School of Life Sciences, Beijing University of Chinese Medicine, Beijing 102488, China; School of Pharmacy, Shanghai Jiao Tong University, Shanghai 200240, China.
School of Pharmacy, Shanghai Jiao Tong University, Shanghai 200240, China.
Gene. 2025 Jan 15;933:148919. doi: 10.1016/j.gene.2024.148919. Epub 2024 Sep 3.
Asarum sieboldii Miq. is an important medicinal plant valued for its diverse health benefits in the pharmaceutical industry. In the present study, we isolated and characterized isoeugenol synthase from A. sieboldii (AsIGS), an essential enzyme involved in the biosynthesis of volatile phenylpropenes. We hoped to elucidate the secondary metabolic network of eugenol in A. sieboldii plants, which constructed the prerequisite for quality improvement of the well-known TCM Asari Radix et Rhizoma. Bioinformatics analysis revealed high similarity between the DNA sequences of AsIGS and isoeugenol synthase genes from other plants, and that the association of the candidate protein AsIGS with the PIP reductase family. Moreover, the AsIGS protein displayed a molecular weight of about 34.96 kDa, with a theoretical isoelectric point of 6.01 and an average hydrophobicity of -0.092, indicating the protein's partial acidity, stability, and hydrophilic nature. Phylogenetic analysis showed that AsIGS had a close relationship with isoeugenol synthases and fewer eugenol synthases found in other species. Alphafold2 predicted the structure of the AsIGS protein, and CB-Dock2 predicted the binding sites of the ASIGS-NADPH-coniferyl acetate ternary complex. In vitro enzymatic assay results demonstrated that the optimal temperature of the AsIGS-involved catalysis for coniferyl acetate was 30 °C, and several kinetics parameters were Km (12.21 mM), Vmax (27.9 U/mg), kcat (76.26 s), and kcat/Km (6.49 s·mM). Furthermore, it was also determined that the AsIGS protein had varying performance at different pH levels. While the candidate protein converted coniferyl acetate into both isoeugenol and eugenol at pH 5.5, it just catalyzed the production of isoeugenol at pH 6.5. However, isoeugenol has never been detected in A. sieboldii.

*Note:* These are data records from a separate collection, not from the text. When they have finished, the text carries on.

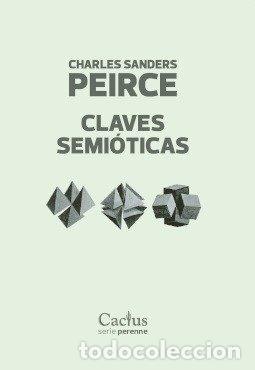 Livres: CLAVES SEMIOTICAS - CHARLES SANDERS PEIRCE
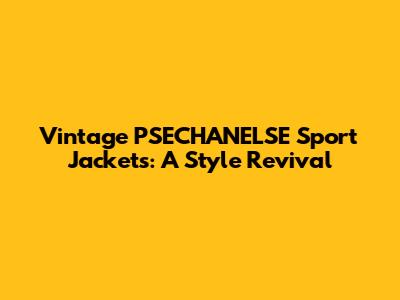 Vintage PSECHANELSE Sport Jackets: A Style Revival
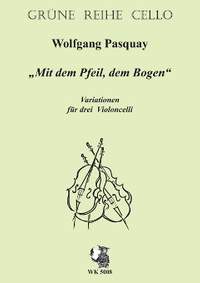 Pasquay, W: Mit dem Pfeil dem Bogen (Variationen)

Altering AsIGS expression in transgenic plants impacted only eugenol contents. Compared with wild type, overexpression of AsIGS increased eugenol content by 23.3 %, while RNAi-induced down-regulation of AsIGS decreased it by 25.3 %. Taken together, these results confirmed that the AsIGS gene was involved in the biosynthesis of eugenol in A. sieboldii with a dual catalytic potential.

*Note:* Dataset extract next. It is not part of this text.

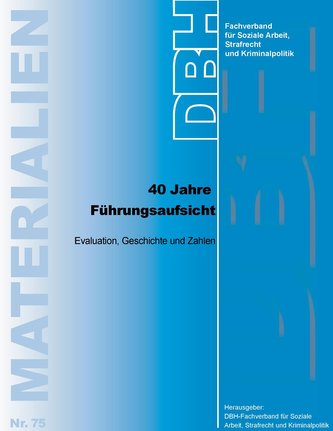 40 Jahre Führungsaufsicht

Asarum sieboldii Miq. 是一种重要的药用植物,在制药行业因其多种健康益处而备受重视。在本研究中,我们从 A. sieboldii(AsIGS)中分离和鉴定了异丁香酚合酶,这是一种参与挥发性苯丙烯生物合成的必需酶。我们希望阐明 A. sieboldii 植物中丁香酚的次生代谢网络,为著名的中药细辛根和根茎的质量提高奠定基础。生物信息学分析表明,AsIGS 的 DNA 序列与其他植物的异丁香酚合酶基因高度相似,候选蛋白 AsIGS 与 PIP 还原酶家族有关。此外,AsIGS 蛋白的分子量约为 34.96 kDa,理论等电点为 6.01,平均疏水性为-0.092,表明该蛋白具有部分酸性、稳定性和亲水性。系统发育分析表明,AsIGS 与异丁香酚合酶关系密切,而与其他物种中的丁香酚合酶关系较少。Alphafold2 预测了 AsIGS 蛋白的结构,CB-Dock2 预测了 ASIGS-NADPH-松柏醇乙酸酯三元复合物的结合位点。体外酶促测定结果表明,AsIGS 参与催化松柏醇乙酸酯的最适温度为 30°C,并且几个动力学参数为 Km(12.21 mM)、Vmax(27.9 U/mg)、kcat(76.26 s)和 kcat/Km(6.49 s·mM)。此外,还确定了 AsIGS 蛋白在不同 pH 值下的性能不同。虽然候选蛋白在 pH 5.5 时将松柏醇乙酸酯转化为异丁香酚和丁香酚,但在 pH 6.5 时仅催化异丁香酚的生成。然而,异丁香酚从未在 A. sieboldii 中检测到。改变转基因植物中的 AsIGS 表达仅影响丁香酚的含量。与野生型相比,AsIGS 的过表达使丁香酚含量增加了 23.3%,而 RNAi 诱导的 AsIGS 下调使其降低了 25.3%。综上所述,这些结果证实了 AsIGS 基因参与了 A. sieboldii 中丁香酚的生物合成,具有双重催化潜力。